<余命半年の義母>「旅行はムリでしょ」母の友人にやんわり怒られ、反省【第9話まんが:夫の気持ち】
前回からの続き。俺は35歳のリョウマ。先日妻チハルが双子のアカリとマヒルを出産し、父親になったばかりだ。しかしちょうど同じころ、実家の母さんに大きな病気がわかった。残念ながら手の施しようがなく「余命半年」とのこと。これまで育ててくれた母さんにはできる限り恩返しがしたい。母さんに「身体が動くうちに夫や息子、孫たちと2泊3日で北海道旅行をしたい」と言われて、俺は絶対にその願いを叶えてあげようと決めた。
チハルは双子育児の大変さを盾に、母さんの願いをちっとも叶えようとしてくれなかった。どう説得しても「ムリ」の一点張りで、話し合いは一方的に打ち切られてしまった。
そして父さんと母さんがせっかく孫に会いに家までやってきてくれたのに……。旅行の話をめぐってチハルがブチぎれ、俺たちは険悪な雰囲気になってしまった。
だから俺は家を出て、しばらく実家で生活しようと決めたんだ。余命宣告された母さんに恩返しをするために。
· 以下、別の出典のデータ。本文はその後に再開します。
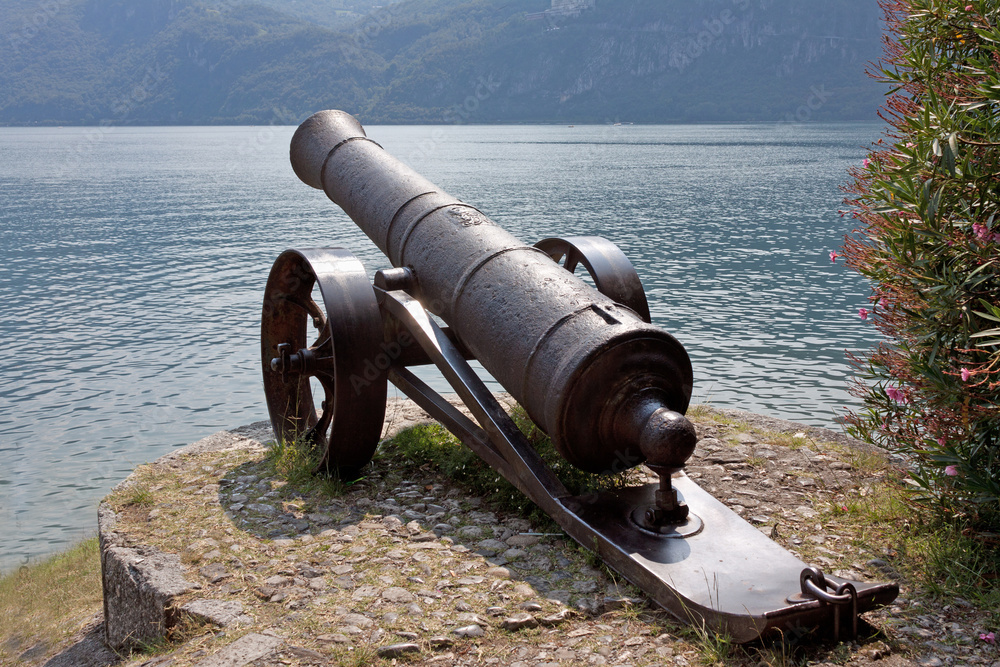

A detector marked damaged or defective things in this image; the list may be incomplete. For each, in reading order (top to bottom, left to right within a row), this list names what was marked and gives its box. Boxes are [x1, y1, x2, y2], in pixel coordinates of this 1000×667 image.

rusted metal surface [258, 109, 900, 640]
そしてとある休みの日……。
訪れたのは母さんの古くからの友人だ。「驚いたけど……でも、気を強く持ってね」いたわりの言葉をかけられ、母さんはしんみりと話しはじめた。「身内以外のほうが身内よりも優しいわね……。聞いてよ! 嫁が『旅行なんてムリ』って……私の最後の願いなのに……」
一緒にリビングで過ごしていた父さんや俺も話に加わる。「そうなの……ちなみに……お子さんはおいくつ?」そう聞かれたので俺は答えた。「今日でちょうど生後3か月なんです! 双子の女の子なんですよ!」すると意外な言葉が返ってくる。
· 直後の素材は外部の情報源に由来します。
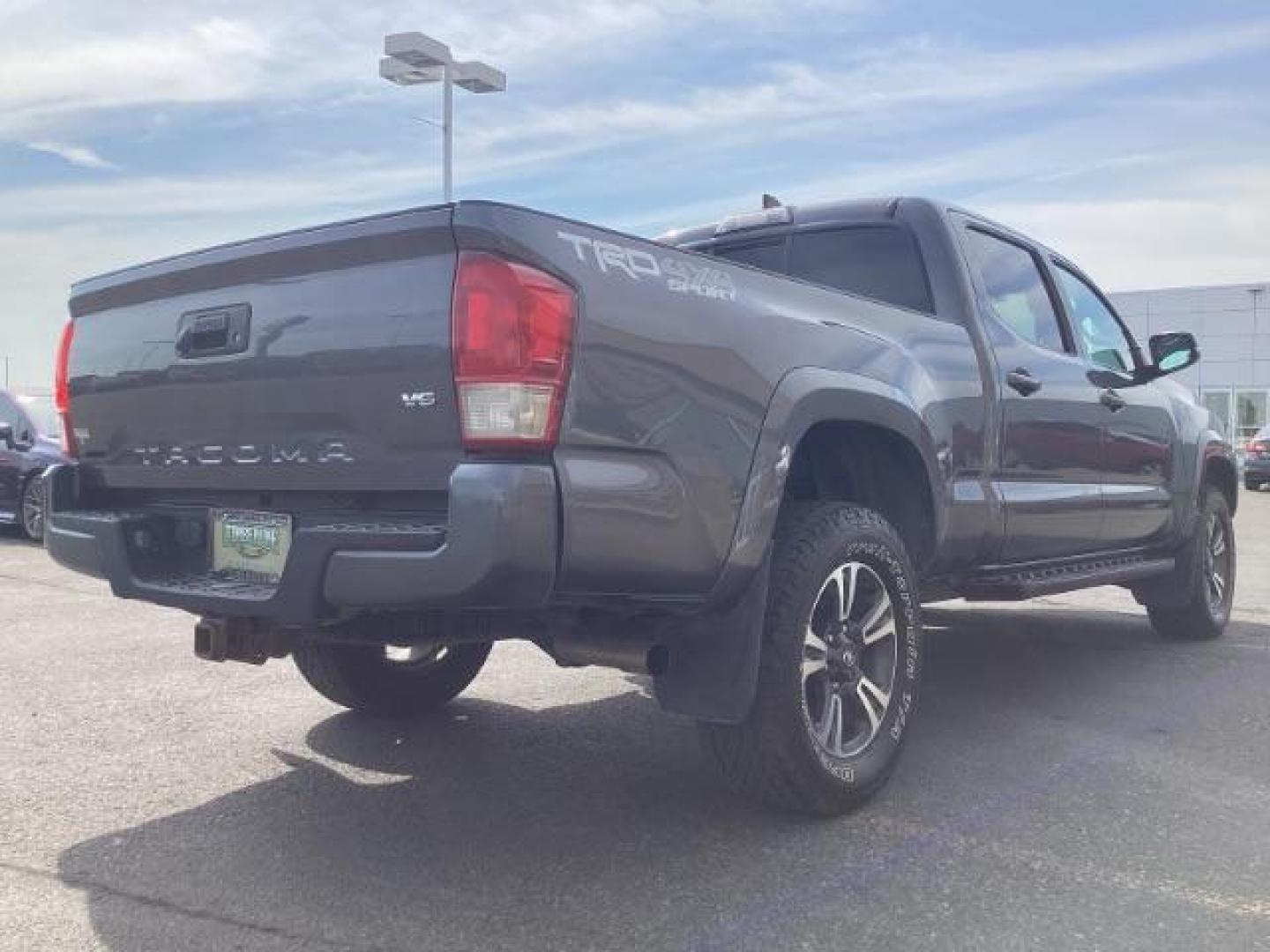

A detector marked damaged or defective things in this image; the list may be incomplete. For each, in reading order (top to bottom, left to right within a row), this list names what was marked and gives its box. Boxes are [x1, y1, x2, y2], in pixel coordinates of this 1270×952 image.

pavement crack [0, 863, 401, 952]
「孫が可愛いのはよ~くわかるわ。でもね、産まれたばかりの双子の赤ちゃんを連れまわすのはムリがあるわよ。それにあなたもこの時期の北海道なんて、何かあったら大変じゃない? ムリは禁物よ、あなたも、奥さんも」優しい口調ではあったが、俺はやんわりと怒られたような気がした。気心の知れた友人に諭されて、母さんも思うところがあったようだ。
チハルには「やっぱり近場の温泉宿にしたよ」と報告しよう。そう決心した俺は、久々に自宅に戻ったのだが……。家のなかは真っ暗。人の気配がまるでない。よく見るとチハルの生活用品や、双子のベビーグッズがごっそり消えている……!?
別に俺たちは無理に子どもたちを連れまわすわけじゃない。温泉宿でゆっくり過ごすんだから大丈夫だと思っていたけれど……。まさか世間的には怒られるようなことだったとは。母さんも「何かあったら大変」という友人のいたわりの言葉を受け、近場の温泉へ泊まるプランで妥協してくれたのだった。しかし久しぶりに自宅に戻ってみると、チハルと子どもたちの姿がない。きっと実家に帰ってしまったのだろう。このまま戻ってこなかったらどうしようと、俺は青くなったのだった。